# Data for this exercise

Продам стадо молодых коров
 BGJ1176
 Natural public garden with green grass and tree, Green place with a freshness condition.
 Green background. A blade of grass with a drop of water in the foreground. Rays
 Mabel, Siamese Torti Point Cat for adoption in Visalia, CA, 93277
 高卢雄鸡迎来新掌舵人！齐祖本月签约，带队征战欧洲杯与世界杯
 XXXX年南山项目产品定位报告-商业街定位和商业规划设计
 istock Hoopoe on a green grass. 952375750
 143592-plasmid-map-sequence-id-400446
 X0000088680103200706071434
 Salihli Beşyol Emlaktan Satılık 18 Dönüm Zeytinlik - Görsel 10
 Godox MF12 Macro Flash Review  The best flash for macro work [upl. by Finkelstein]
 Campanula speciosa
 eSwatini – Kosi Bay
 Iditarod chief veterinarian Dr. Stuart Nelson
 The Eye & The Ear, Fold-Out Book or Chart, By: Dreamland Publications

# What is required
Send back, unchanged, every line of the records from the one with "143592-plasmid-map-sequence-id-400446" through the last.

# Reply to the exercise
 143592-plasmid-map-sequence-id-400446
 X0000088680103200706071434
 Salihli Beşyol Emlaktan Satılık 18 Dönüm Zeytinlik - Görsel 10
 Godox MF12 Macro Flash Review  The best flash for macro work [upl. by Finkelstein]
 Campanula speciosa
 eSwatini – Kosi Bay
 Iditarod chief veterinarian Dr. Stuart Nelson
 The Eye & The Ear, Fold-Out Book or Chart, By: Dreamland Publications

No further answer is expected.